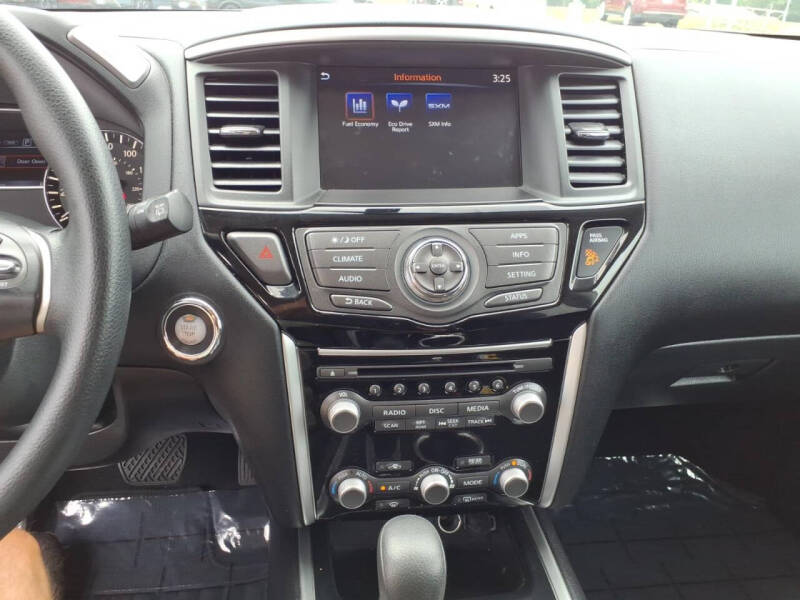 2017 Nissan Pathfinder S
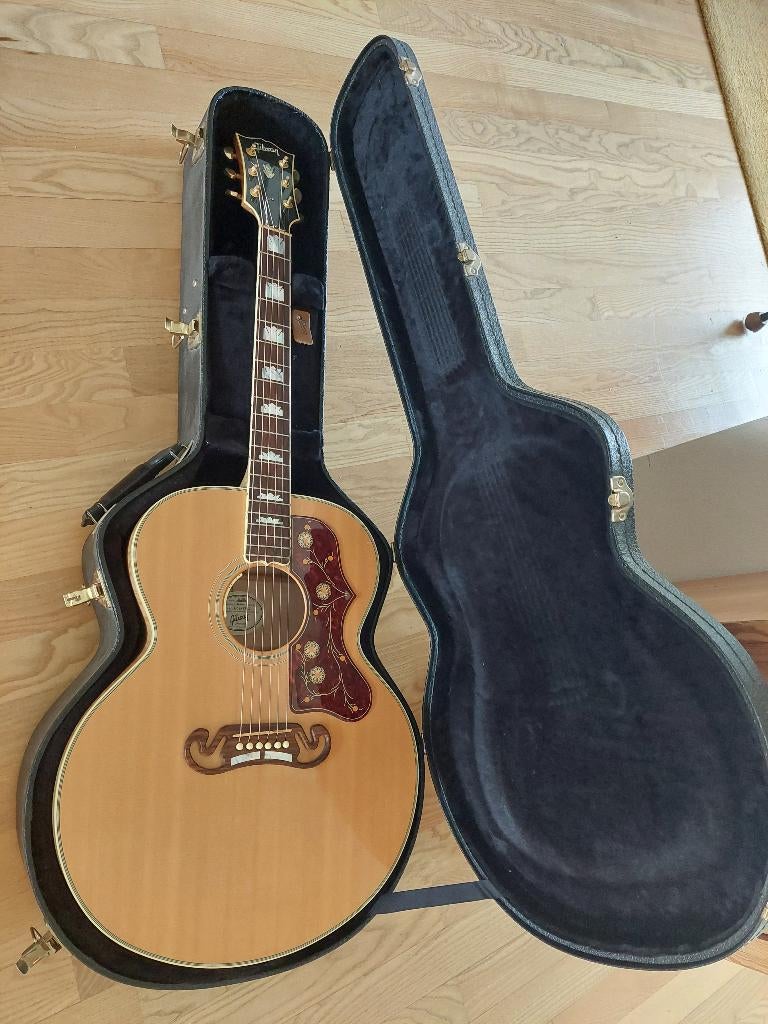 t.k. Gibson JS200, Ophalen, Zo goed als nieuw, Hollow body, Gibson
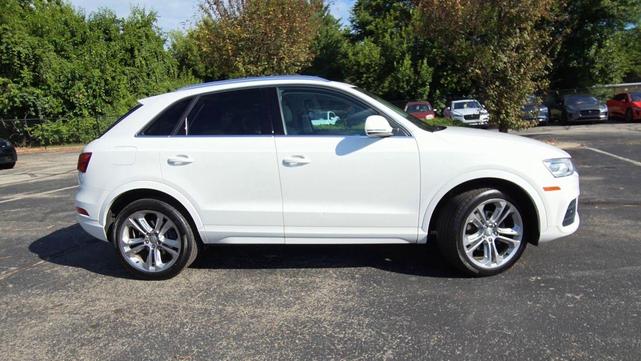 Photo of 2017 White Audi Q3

TASK REQUIREMENTS | Output the data verbatim, images excluded.

SOLUTION TO THE EXERCISE |
 2017 Nissan Pathfinder S
 t.k. Gibson JS200, Ophalen, Zo goed als nieuw, Hollow body, Gibson
 Photo of 2017 White Audi Q3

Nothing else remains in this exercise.